If Paddington Bear was an MLE...
Paddington eyed the tray hungrily. There was half a grapefruit in a bowl, a plate of bacon and eggs, some toast, and a whole pot of marmalade, not to mention a large cup of tea. “Is all that for me?” he exclaimed. - A Bear Called Paddington, by Michael Bond
I developed marmalade after building multiple retrieval and recommendation systems with text embeddings. It can be difficult to internally visualize and communicate to others how a given passage of text will be translated into tokens, especially when context limits mean either naive truncation or more involved chunking approaches.

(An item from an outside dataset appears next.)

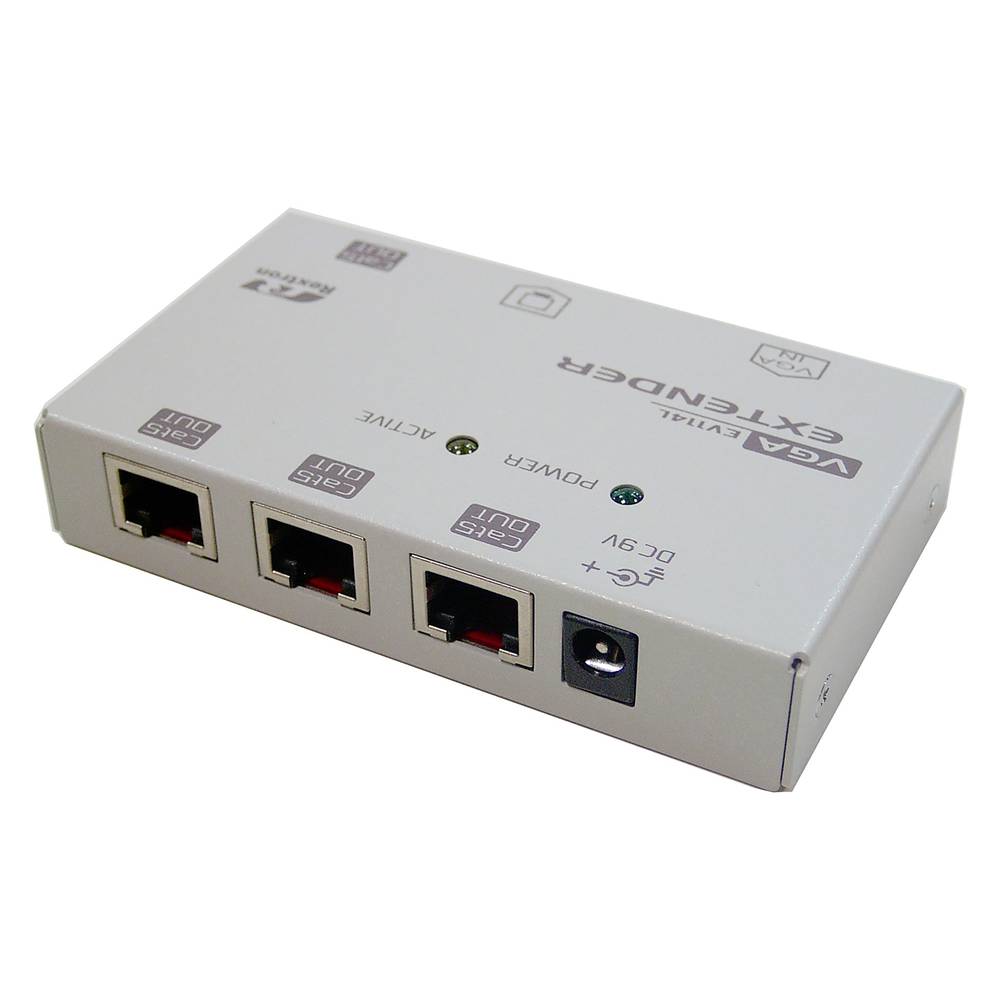 Rextron 1 VGA Extender VGA-IN-OUT + 1 VGA + 4 RJ45-OUT (EV-114L)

My aim is to make a web utility tool for developers, engineers and product owners building features around text emebeddings. Think Regex101, Carbon, or Favicon. Here are few suggested uses cases:
- Select a sample text and configure the tokenizer and chunking strategies to understand the mechanics.
- Provide your own text (just copy/paste) and see how it “looks” tokenized and chunked based on your chosen settings.
- Debug your semantic search application whenever you aren’t getting the results you expect
A key feature of the implementation is that it is completely client-side, without any backend services. So users can safely enter their own text without any privacy concerns.
The metaphor
As for the marmalade metaphor and the overall design of the app, it is in reference to Paddington Bear, who is known for his love of marmalade sandwiches and those sweet “sticky chunks”. Also, he’s got “padding” right in his name!

I first developed this metaphor while building a demo notebook for teammates working on an Extractive Q&A Extractive Q&A specifies an explicit answer to a question within a source text, rather than generating or summarizing an answer. feature. Later, while leading the development of an internal, domain specific semantic search application, I found I often needed to visualize to others how a certain text passage would “look” to a tokenizer. Also, my kids have always loved the Paddington stories so why not make something they would like too.
It is also a funny artifact that the terms “marmalade” and “paddington” both require multiple tokens for many tokenizers, such as classic BERT-based models.
E.g., “marmalade” is tokenized as "mar" · "mal" · "ade"